Each line of the data holding "Road" should be found and copied.

GIVEN RECORDS:
*** Block opens ***
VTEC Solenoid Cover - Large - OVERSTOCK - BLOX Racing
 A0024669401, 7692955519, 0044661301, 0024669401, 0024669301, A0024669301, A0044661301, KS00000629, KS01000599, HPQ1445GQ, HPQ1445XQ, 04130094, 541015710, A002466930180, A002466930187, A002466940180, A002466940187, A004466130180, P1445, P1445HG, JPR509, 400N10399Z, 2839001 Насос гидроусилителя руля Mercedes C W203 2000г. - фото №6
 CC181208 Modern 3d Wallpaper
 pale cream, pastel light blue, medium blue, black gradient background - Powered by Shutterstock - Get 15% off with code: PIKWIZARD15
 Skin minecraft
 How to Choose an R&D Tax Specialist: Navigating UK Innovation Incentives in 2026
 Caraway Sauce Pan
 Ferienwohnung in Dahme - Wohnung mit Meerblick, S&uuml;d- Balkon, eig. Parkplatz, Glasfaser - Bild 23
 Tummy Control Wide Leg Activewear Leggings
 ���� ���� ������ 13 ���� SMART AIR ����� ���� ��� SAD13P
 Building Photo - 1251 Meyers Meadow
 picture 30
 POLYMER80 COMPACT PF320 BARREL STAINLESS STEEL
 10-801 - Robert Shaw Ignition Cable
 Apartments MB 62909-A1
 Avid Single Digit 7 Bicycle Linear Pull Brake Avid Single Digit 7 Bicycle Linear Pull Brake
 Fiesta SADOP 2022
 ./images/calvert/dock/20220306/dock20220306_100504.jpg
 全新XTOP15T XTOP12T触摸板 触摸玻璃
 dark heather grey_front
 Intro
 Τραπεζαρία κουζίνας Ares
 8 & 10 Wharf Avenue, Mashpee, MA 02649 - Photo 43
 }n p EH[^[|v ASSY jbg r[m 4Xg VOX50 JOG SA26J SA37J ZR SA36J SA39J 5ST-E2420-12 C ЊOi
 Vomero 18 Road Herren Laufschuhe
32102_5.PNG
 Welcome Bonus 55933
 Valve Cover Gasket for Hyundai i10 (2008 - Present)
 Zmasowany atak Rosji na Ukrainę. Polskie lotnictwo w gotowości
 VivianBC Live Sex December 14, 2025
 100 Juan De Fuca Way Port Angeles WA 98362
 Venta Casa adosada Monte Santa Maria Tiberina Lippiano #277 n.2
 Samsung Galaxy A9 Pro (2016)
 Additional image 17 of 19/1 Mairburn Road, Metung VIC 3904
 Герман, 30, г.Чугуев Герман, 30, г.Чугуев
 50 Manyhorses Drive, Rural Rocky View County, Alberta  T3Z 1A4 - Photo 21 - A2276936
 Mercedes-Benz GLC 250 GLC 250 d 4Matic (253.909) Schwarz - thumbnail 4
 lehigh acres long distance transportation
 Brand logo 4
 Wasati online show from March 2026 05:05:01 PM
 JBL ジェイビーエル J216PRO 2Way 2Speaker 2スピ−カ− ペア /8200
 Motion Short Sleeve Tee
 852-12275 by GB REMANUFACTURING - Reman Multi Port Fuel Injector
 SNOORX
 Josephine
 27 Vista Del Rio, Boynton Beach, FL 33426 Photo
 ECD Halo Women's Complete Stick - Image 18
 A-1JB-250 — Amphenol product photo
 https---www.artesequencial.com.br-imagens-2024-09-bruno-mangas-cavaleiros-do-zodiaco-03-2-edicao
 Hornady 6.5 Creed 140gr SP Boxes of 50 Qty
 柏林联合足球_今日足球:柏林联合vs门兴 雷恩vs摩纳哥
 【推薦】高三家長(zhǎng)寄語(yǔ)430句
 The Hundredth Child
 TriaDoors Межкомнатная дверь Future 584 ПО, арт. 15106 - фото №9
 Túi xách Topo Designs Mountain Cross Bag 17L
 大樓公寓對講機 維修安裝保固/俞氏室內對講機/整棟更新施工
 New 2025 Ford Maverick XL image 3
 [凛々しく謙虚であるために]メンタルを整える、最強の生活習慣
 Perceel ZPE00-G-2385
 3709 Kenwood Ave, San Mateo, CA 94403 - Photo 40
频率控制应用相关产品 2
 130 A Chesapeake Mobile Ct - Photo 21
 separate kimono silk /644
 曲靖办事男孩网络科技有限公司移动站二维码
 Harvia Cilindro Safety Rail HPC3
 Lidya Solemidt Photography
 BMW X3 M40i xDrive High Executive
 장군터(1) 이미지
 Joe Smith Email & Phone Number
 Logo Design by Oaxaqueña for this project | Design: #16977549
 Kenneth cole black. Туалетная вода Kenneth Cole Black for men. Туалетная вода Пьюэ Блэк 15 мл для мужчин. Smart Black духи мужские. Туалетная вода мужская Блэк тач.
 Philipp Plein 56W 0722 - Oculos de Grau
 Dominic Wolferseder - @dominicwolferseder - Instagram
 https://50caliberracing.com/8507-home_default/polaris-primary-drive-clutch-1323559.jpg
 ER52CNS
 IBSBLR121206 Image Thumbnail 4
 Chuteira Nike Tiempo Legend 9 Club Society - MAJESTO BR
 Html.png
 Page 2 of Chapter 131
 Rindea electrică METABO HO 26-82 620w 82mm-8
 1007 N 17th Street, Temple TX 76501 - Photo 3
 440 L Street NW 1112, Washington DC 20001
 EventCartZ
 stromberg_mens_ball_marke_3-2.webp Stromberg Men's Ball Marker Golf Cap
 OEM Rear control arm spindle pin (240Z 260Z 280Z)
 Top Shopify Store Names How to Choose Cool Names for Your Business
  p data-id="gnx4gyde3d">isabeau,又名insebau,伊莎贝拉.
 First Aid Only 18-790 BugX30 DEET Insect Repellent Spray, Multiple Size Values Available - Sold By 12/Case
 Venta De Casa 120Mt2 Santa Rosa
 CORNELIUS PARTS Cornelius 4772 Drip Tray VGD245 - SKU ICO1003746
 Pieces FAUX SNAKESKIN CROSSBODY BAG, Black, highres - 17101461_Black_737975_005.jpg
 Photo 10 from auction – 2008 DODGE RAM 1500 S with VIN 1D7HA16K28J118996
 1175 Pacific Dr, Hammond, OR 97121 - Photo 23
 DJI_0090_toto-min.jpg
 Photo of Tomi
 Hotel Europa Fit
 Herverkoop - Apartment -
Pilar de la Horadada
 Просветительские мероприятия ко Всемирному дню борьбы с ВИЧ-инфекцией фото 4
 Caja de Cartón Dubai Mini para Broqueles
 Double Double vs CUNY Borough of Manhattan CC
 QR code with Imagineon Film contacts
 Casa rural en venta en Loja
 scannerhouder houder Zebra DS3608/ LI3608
*** Block closes ***
SOLUTION TO THIS PROBLEM:
 Vomero 18 Road Herren Laufschuhe
 Additional image 17 of 19/1 Mairburn Road, Metung VIC 3904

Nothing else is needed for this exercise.